** TASK TO COMPLETE **
Exact repetition of a range: find the line containing "Elegant Brown Floral Window Curtain Set" and the line containing "Stick-on wall mural" in the material below, then repeat both and all lines between them, leaving pictures out.

** DATA FOR THIS EXERCISE **
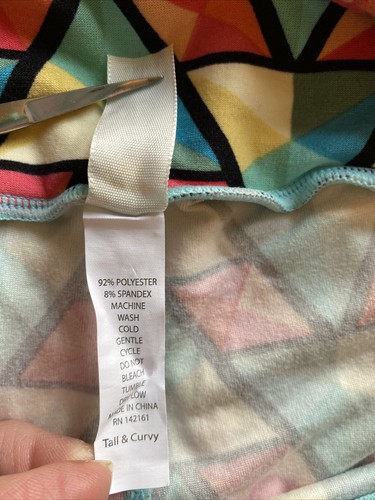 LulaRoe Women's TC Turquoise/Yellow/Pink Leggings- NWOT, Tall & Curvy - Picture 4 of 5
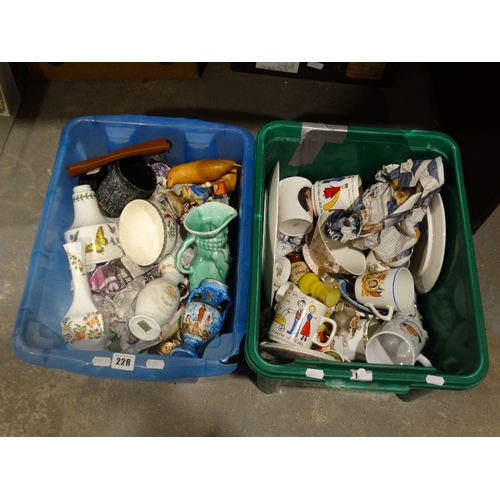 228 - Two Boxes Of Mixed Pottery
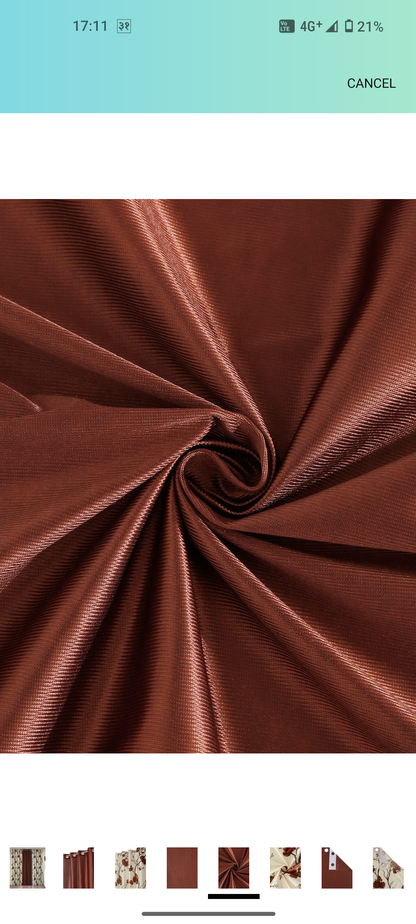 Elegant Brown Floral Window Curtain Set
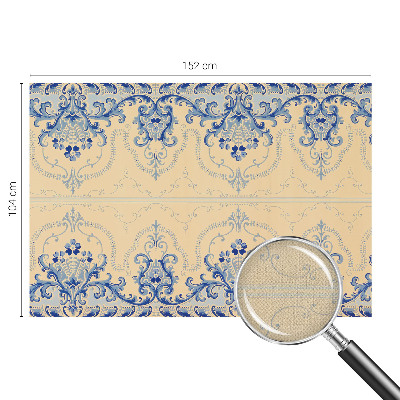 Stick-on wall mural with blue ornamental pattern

* * *

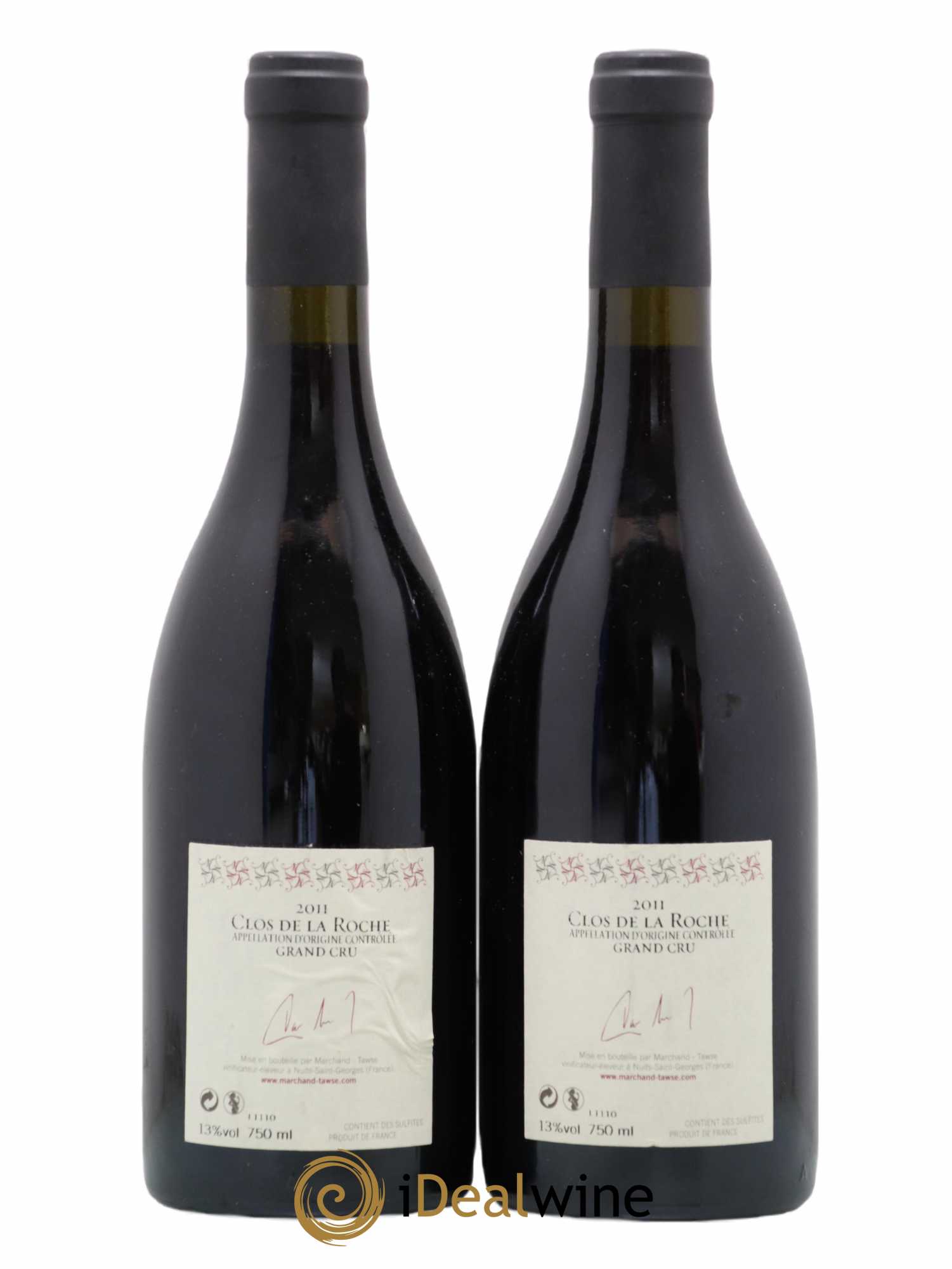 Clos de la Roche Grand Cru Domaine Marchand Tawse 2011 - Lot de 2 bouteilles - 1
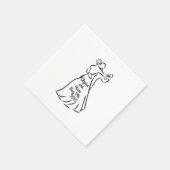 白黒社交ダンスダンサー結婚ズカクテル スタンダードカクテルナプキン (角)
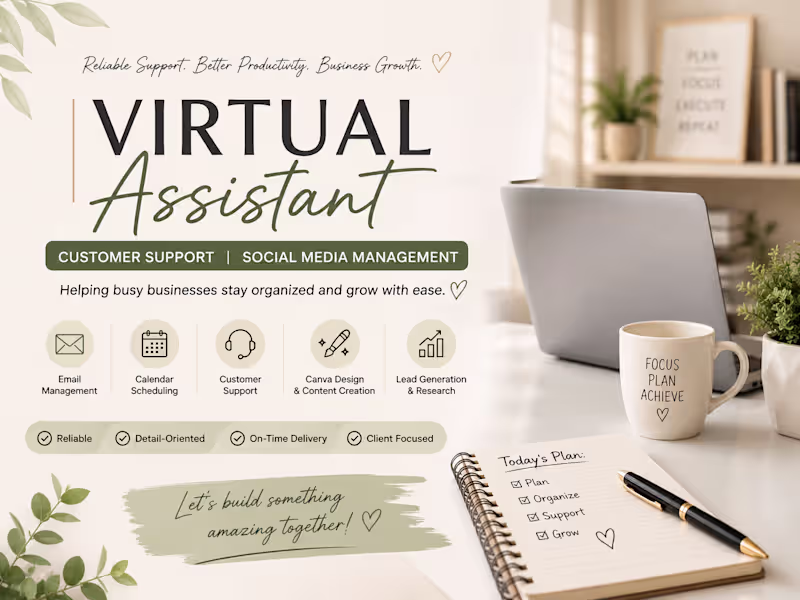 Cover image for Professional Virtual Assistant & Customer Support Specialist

...

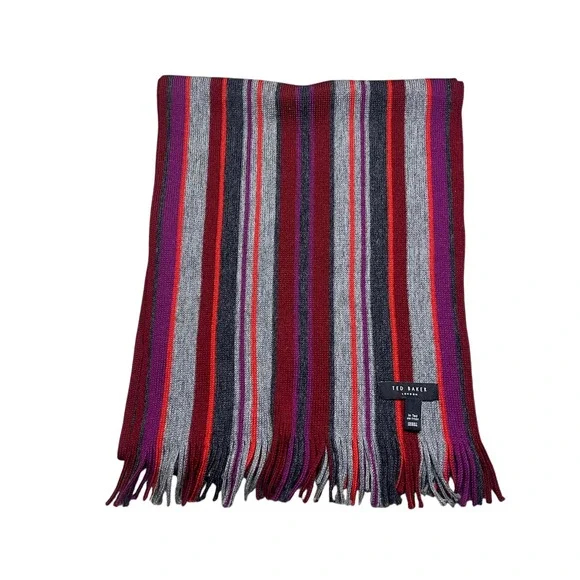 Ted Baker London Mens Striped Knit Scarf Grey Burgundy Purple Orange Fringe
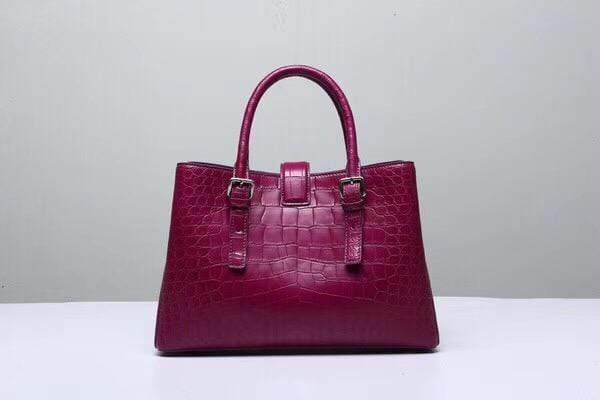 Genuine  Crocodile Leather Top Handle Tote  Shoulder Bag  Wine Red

** YOUR SOLUTION **
 Elegant Brown Floral Window Curtain Set
 Stick-on wall mural with blue ornamental pattern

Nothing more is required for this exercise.